WETP Cooperative Agreement Awardee:
"Lessons from Graniteville" DVD
Specific Aims of “Lessons Learned from Graniteville” DVD
The specific objective of this Phase I R&D effort is to further the development of Advanced Training Technology products for the health and safety training of first responders to rail hazmat incidents. As defined by 29 CFR 1910.120 (http://www.osha.gov/pls/oshaweb/owadisp.show_ document?p_table=STANDARDS&p_id=9765) , first responders at the awareness or operations level are individuals who respond to releases of hazardous substances to protect nearby persons, property, or the environment from the effects of the release.
During Phase I of the project, MetaMedia and the Rail Workers will determine the training needs of the target audience, design a training tool to meet those needs, and produce a working prototype of the product that will be evaluated in an actual training session. Deliverables for Phase I will be a Design Document providing a blueprint for building the training tool, a Working DVD Prototype providing an interactive case study, and an Evaluation Report describing the effectiveness of the Lessons Learned from Graniteville DVD prototype.

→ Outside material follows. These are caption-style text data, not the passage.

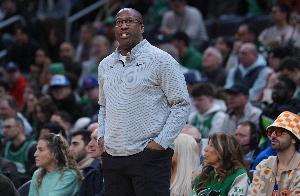 迈克·布朗：对球队防守感到失望 我们让火箭挡拆打得太轻松了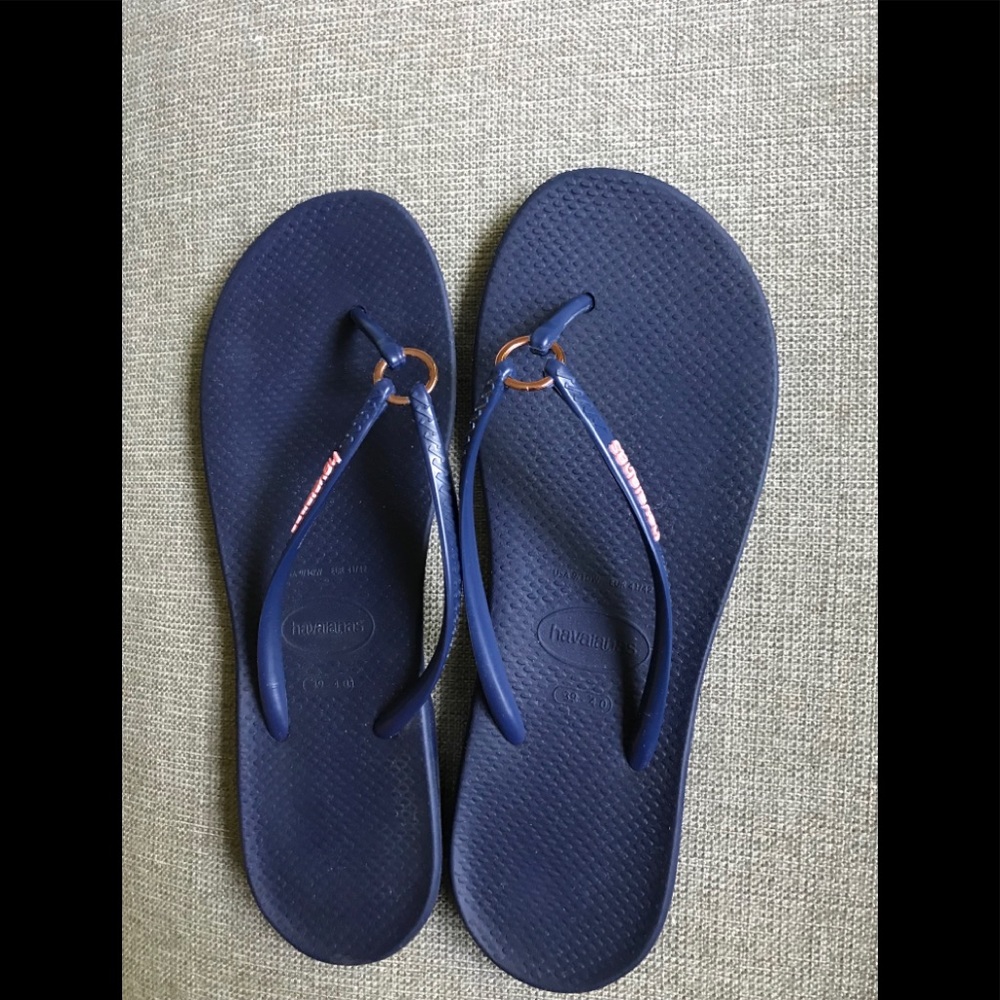 Havainas Ring Sandal Navy Blue size 9 Excellent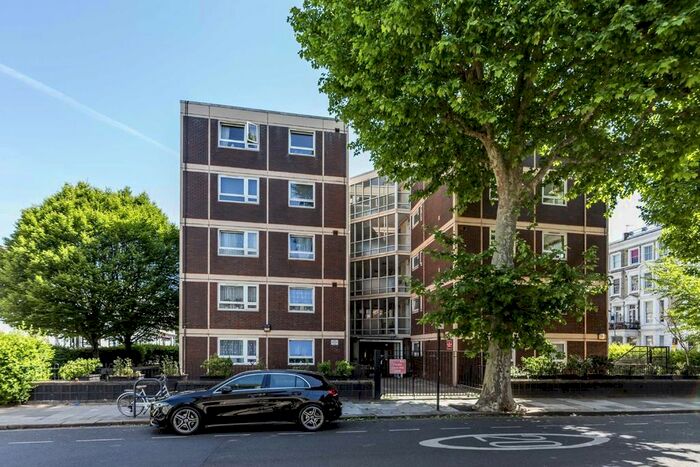 3 Bedroom Flat To Rent In Vereker Road, London, W14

The long-term objective of the proposed research (Phase II) is to produce a DVD-based product to better prepare a wide variety of emergency response personnel to more safely and effectively respond to rail accidents involving hazardous materials. Interactive DVD represents a technological innovation over traditional training media. It provides a low-cost approach to providing interactive video simulations in the classroom.
The commercial applications for the proposed product are widespread. The potential audience for the Lessons Learned from Graniteville DVD is large. It includes all first responders, skilled support personnel, and rail workers who may be first on the scene at a derailment and/or involved in rescue and clean-up operations. The number of first responders alone is large. There are more than 1 million firefighters, 800,000 law enforcement officers, and 840,000 EMTs and paramedics across the country, and “they need targeted and effective training to develop and hone the specialized skills they need to fulfill their homeland security responsibilities.” Funding for procuring training materials for first responders is now widely available at the local and state level, and there is currently no Advanced Training Technology product that addresses hazmat rail incidents.